About this exercise: Start at the line with "Broken and melting" in the records below, stop at the line with "The archaeological site", and return every line in that span exactly, the two end lines included.

[Given records]

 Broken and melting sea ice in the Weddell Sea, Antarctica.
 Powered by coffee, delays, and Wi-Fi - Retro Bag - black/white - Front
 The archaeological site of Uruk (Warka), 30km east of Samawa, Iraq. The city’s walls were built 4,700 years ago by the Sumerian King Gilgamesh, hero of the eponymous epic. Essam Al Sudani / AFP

[/Given records]
[Given records]

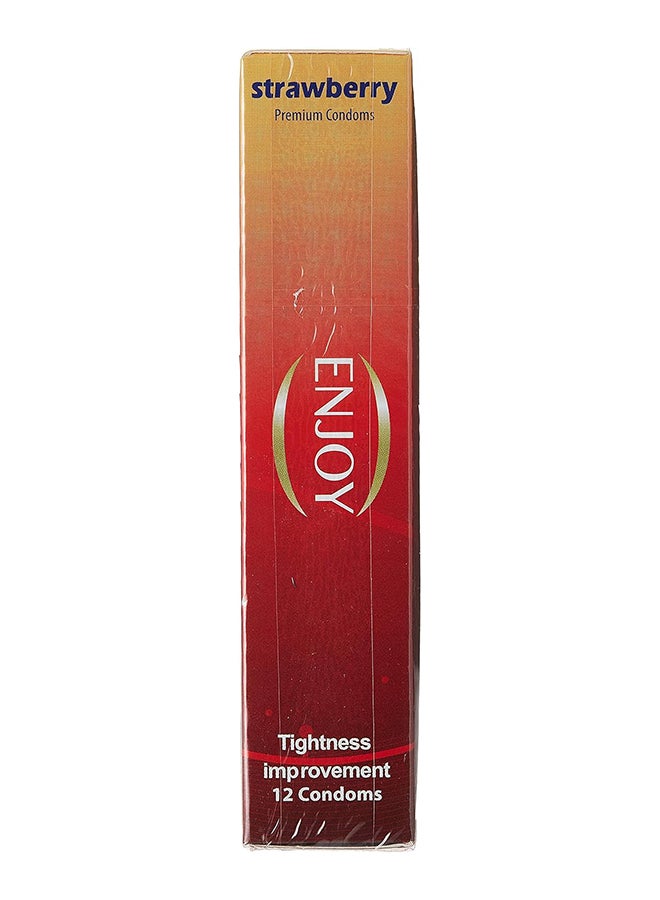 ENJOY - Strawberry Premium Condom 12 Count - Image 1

[/Given records]

Answer space:
 Broken and melting sea ice in the Weddell Sea, Antarctica.
 Powered by coffee, delays, and Wi-Fi - Retro Bag - black/white - Front
 The archaeological site of Uruk (Warka), 30km east of Samawa, Iraq. The city’s walls were built 4,700 years ago by the Sumerian King Gilgamesh, hero of the eponymous epic. Essam Al Sudani / AFP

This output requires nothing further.